A team comprising German and Egyptian restorers displayed the mask in a laboratory in the Egyptian Museum on Tuesday (20 October). They detailed plans for scraping off the epoxy and removing the beard gently before reattaching it by a method to be determined by a joint scientific committee. During the restoration, experts would conduct a detailed study of ancient techniques and materials used to make the mask. They would also research how the mask and beard attachment were originally made and joined.
"We have some uncertainties now, we don't know how deep the glue went inside the beard, and so we don't know how long it will take to remove the beard," said Christian Eckmann, the lead restoration specialist. According to him, the work should take a month or two, most possibly by the end of the year, depending on how long it takes to remove the beard.

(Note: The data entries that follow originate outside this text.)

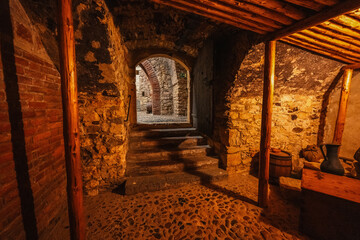 Underground under of Gothic town hall from the 14th century known for its observation tower and...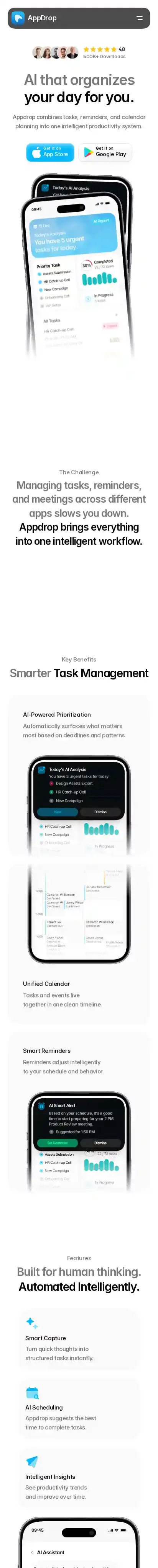 AppDrop home page on mobile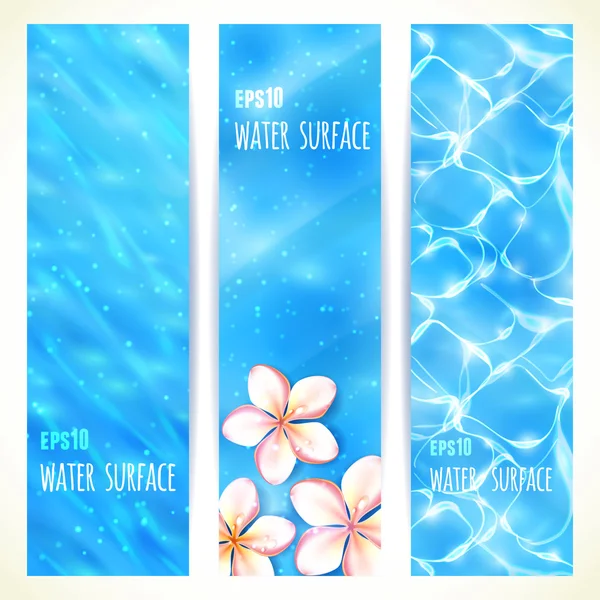 Su yüzeyi ile dikey afiş kümesi. Vektör çizim, eps10, düzenlenebilir.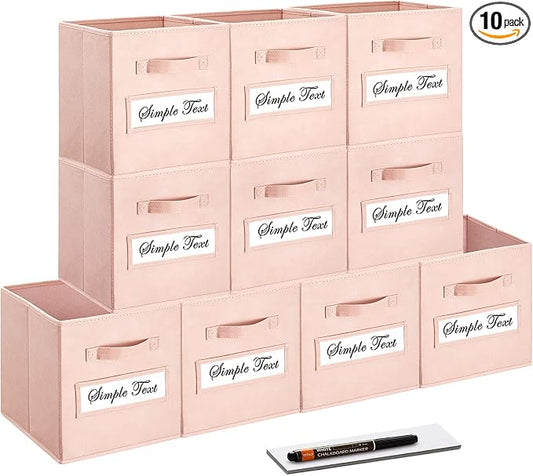 11 Inch Storage Cube,Storage bin,cube storage (Set of 10) Foldable Fabric Cube Storage Bins with 10 Labels Window Cards & a Pen,Baskets Containers for Shelves,Closet Organizers Box,Pink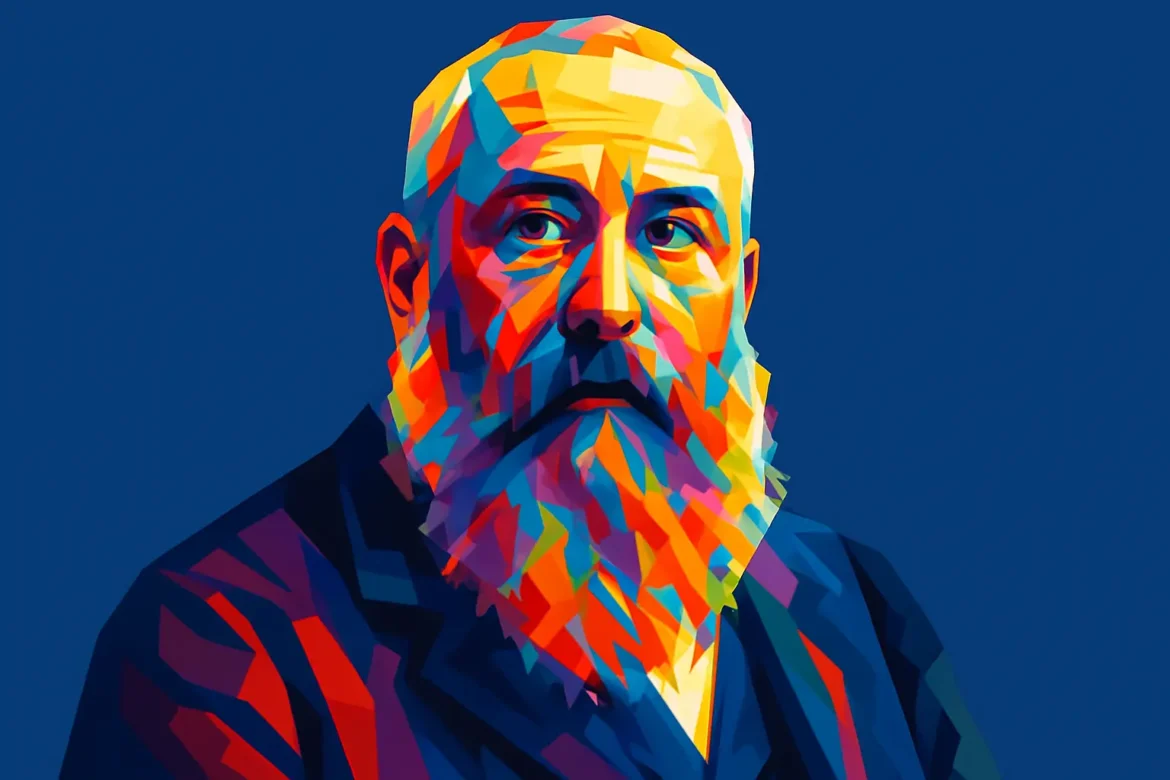 Retrato artístico en estilo pop art de Claude Monet (1840 – 1926), pintor francés y uno de los fundadores del movimiento impresionista. Monet es célebre por su maestría en capturar la luz natural y las variaciones atmosféricas en sus obras, como en su famosa serie 'Nenúfares'. Su enfoque revolucionó la pintura moderna, destacándose por el uso del color, la pincelada suelta y la representación de paisajes al aire libre.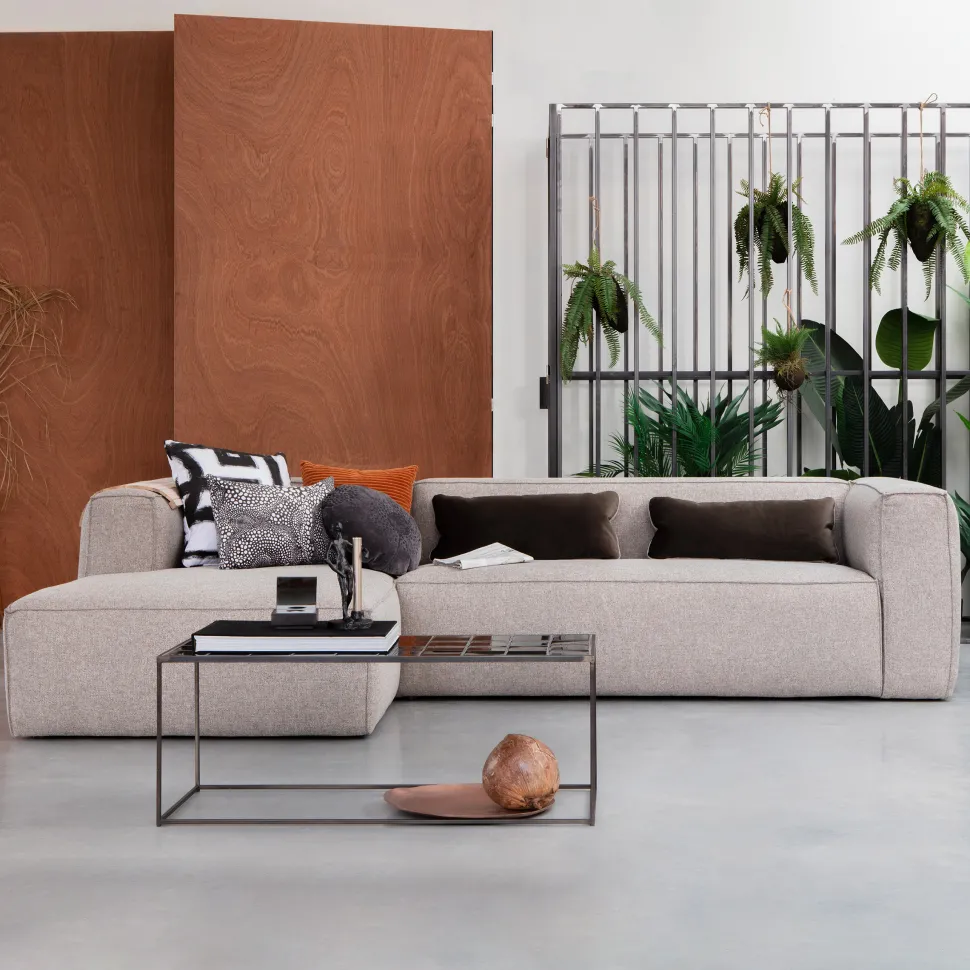 Loungebank Bean Melange, kleur Lichtgrijs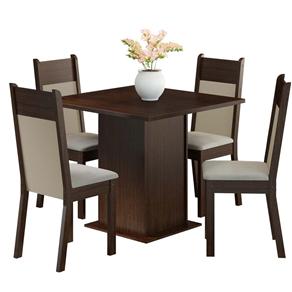 Mesa de Jantar com 4 Cadeiras Malibu Madesa - Tabaco/Crema/Pérola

A museum employee accidentally knocked the beard off during work in August 2014, after which it was reattached. The lapse was, however, only revealed in January this year after which the Antiquities Ministry in Egypt quickly called a press conference in damage control mode. Eckmann then said he and an Egyptian team could fix the epoxy-job and avoid permanent damage to the relic.
The 3,300-year-old pharaonic mask was discovered in Tutankhamun's tomb who died aged 19 in 1324 BC after a nine-year-long reign. The 25-pound solid gold funerary mask is a part of treasures found in his burial chamber and is encrusted with lapis lazuli and other semi-precious stones.